She’d come into acting pure-hearted and trusting, but by age 23, she’d realised her industry treated her as a commodity. Despite her incredible talent as an actor, she was often offered roles because of her body. ‘I learnt everything the hard way,’ she said, ‘and it was brutal.’

Having left her home in Brisbane to pursue her career, Anna found herself in a dog-eat-dog world with very few people to support her. When she caught up with Mel on 180 recently, she admitted that though she wasn’t a minor, she was young at heart. Having battled eating disorders as a teenager, she struggled to deal with the way the industry sexualised her. ‘When I’d never even considered myself beautiful, I was suddenly having to represent this idea of feminine sexuality in movies. And I was like I don’t know how to carry this at all.’

She often worried she was part of something that wasn’t quite right but, without a moral compass to guide her, all she could do was justify her actions after the fact. ‘I was inventing my own morality as I went.’

Anna had always thought Christians were just brainwashed but, when she asked a Christian guy out, and he was reluctant to date her because of his religion, she was intrigued by his commitment to his beliefs. ‘I was repulsed and captivated simultaneously. I was like Christianity, yuck yuck yuck! But then, that was something I knew so little about.’

One night, Anna was complaining about her crush to a girl she’d met in a bar. ‘I’m a Christian,’ the girl said. ‘I don’t think you have a completely correct idea of what that means.’ The conversation that followed lasted hours and, at the end, the girl invited Anna to her Church.

When she crossed the threshold of the Church, Anna immediately saw a vision of fire in her hands, and drops of light falling from the ceiling. ‘I was overwhelmed by this feeling of there’s something pure and good here. For the first time, I felt safe, and yet terrified.’

Soon afterward, Anna moved to Melbourne to film a new series.

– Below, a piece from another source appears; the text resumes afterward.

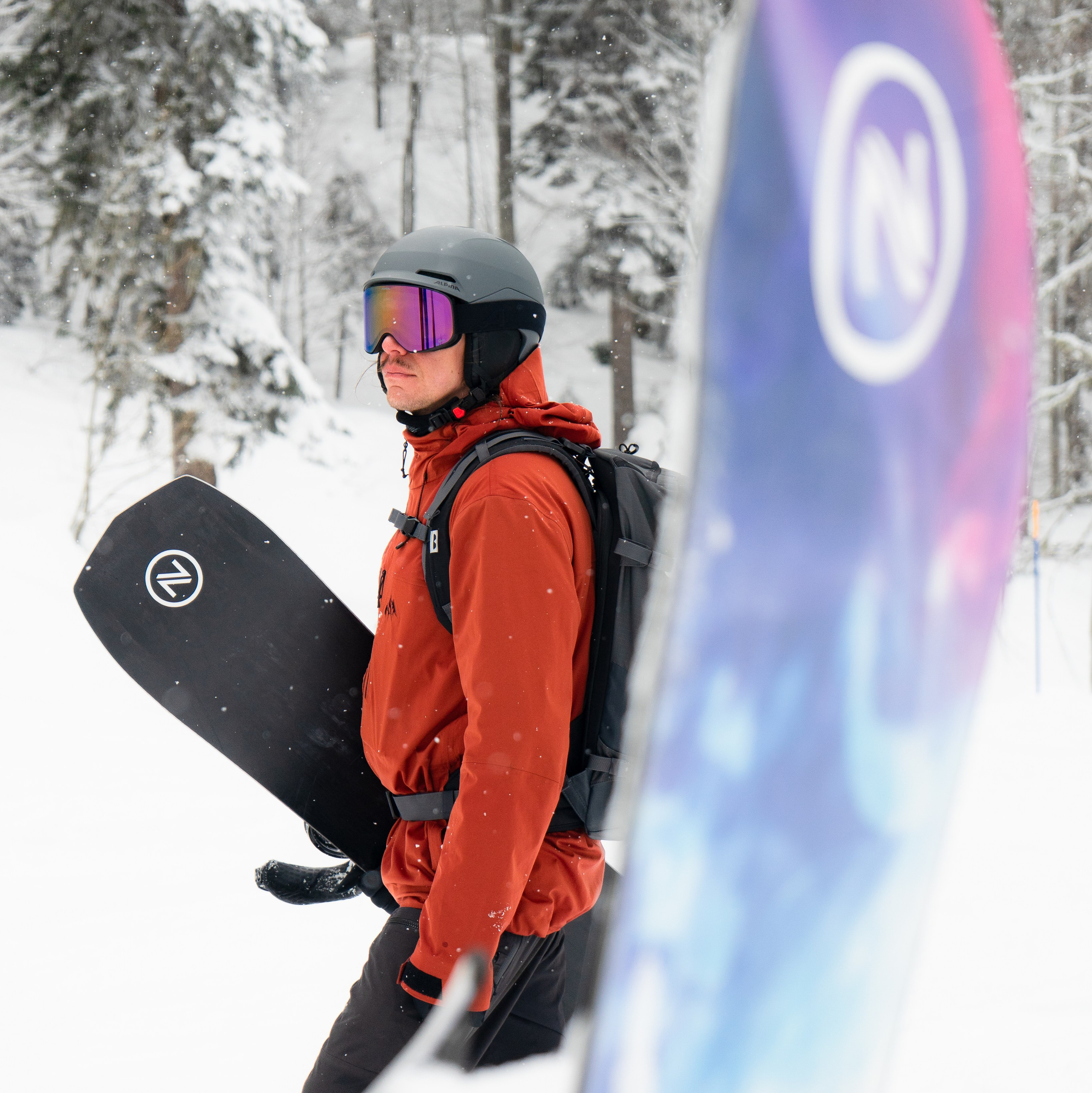 Портфолио. Репортажный и action фотограф в Сочи Илья Варнашов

She found her new Christian friends much more welcoming than her fellow actors, but she didn’t feel pressured or that she was the target of evangelism. Still, she was worried she was being subtly indoctrinated.

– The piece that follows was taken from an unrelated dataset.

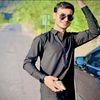 itxfareed72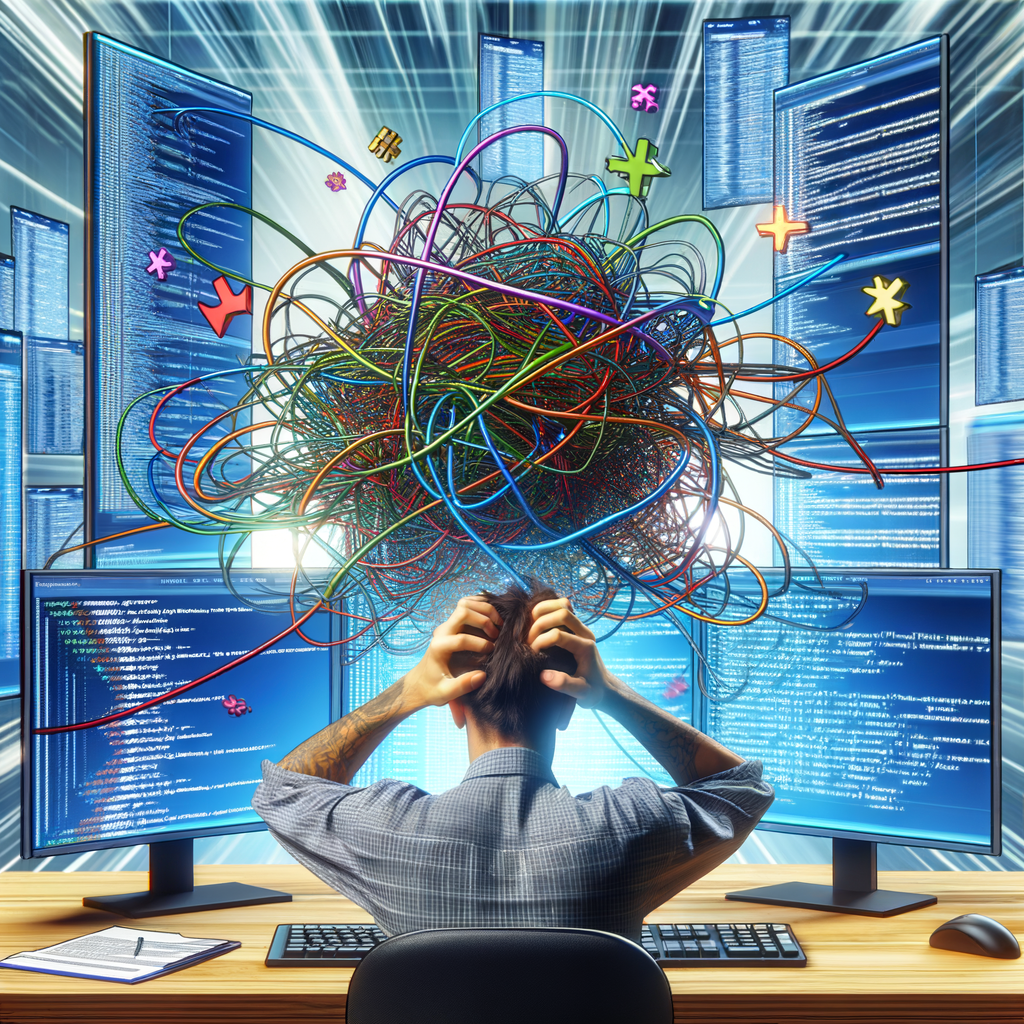 Trabajando con datos Web3: más difícil de lo que parece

She was completely shattered and remade by the love she read about,

the sense of worth no one had communicated to her before

Knowing her hotel room would have a Gideons Bible, she decided to check it out, hoping to work through this phase. ‘Once I see those Scriptures myself, and I see all the messy and weird stuff, I’ll get over it, and I’ll move on, and this little quarter-life crisis can be done with.’

Of course, things didn’t go as planned. From the first words of the New Testament, Anna immediately understood she was reading the truth. Over the next two weeks, she felt like she was talking to Jesus, realising that a space she thought excluded her was actually built for her. ‘I came for people like you,’ He told her. ‘I’m your ally. I’m your friend. The entire reason that I have come is to help piece you back together.’

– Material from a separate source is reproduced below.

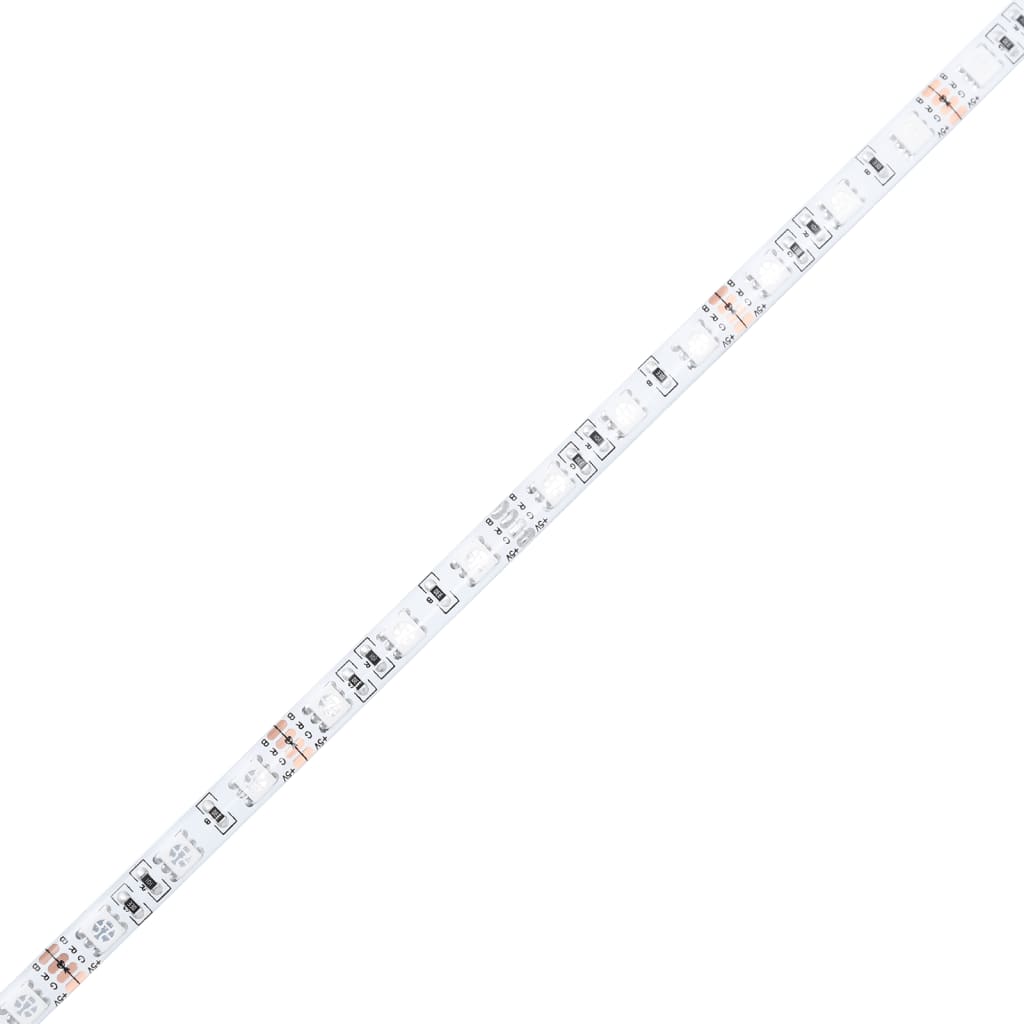 Box spring krevet s madracem crni 80 x 200 cm od tkanine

She’d always been at war with her body, trying to lose weight, wishing she looked different. When she read that her body was a temple in 1 Corinthians 6:19, she looked in the mirror, and for the first time, she saw holy architecture.

She was completely shattered and remade by the love she read about, the sense of worth no one had communicated to her before. ‘You don’t have to try and bargain for love this way anymore,’ God told her. ‘You don’t have to give yourself over. You can lock yourself and hide yourself in Me. And you can just heal.’

These days there are so many lost people like Anna, who need God, but are misguided by secular ideas about who He is. To reach them, Anna says we shouldn’t preach, but instead cultivate our own love for Him. That’s what captivated her about the Christians she knew. ‘God seemed to truly satisfy their souls. And for someone who didn’t have a satisfied soul, it’s so attractive.’

She says if we stay in a place of awe and gratitude towards Him, sceptics will see we’re not just in this because our parents were, or because we’ve been compelled or brainwashed. If we show His light, people will want to know where it comes from. ‘And I promise you the time will come where they ask the question.’

‘So that’s the real gift we can give, loving without agenda, both that person who doesn’t know Christ, and God.’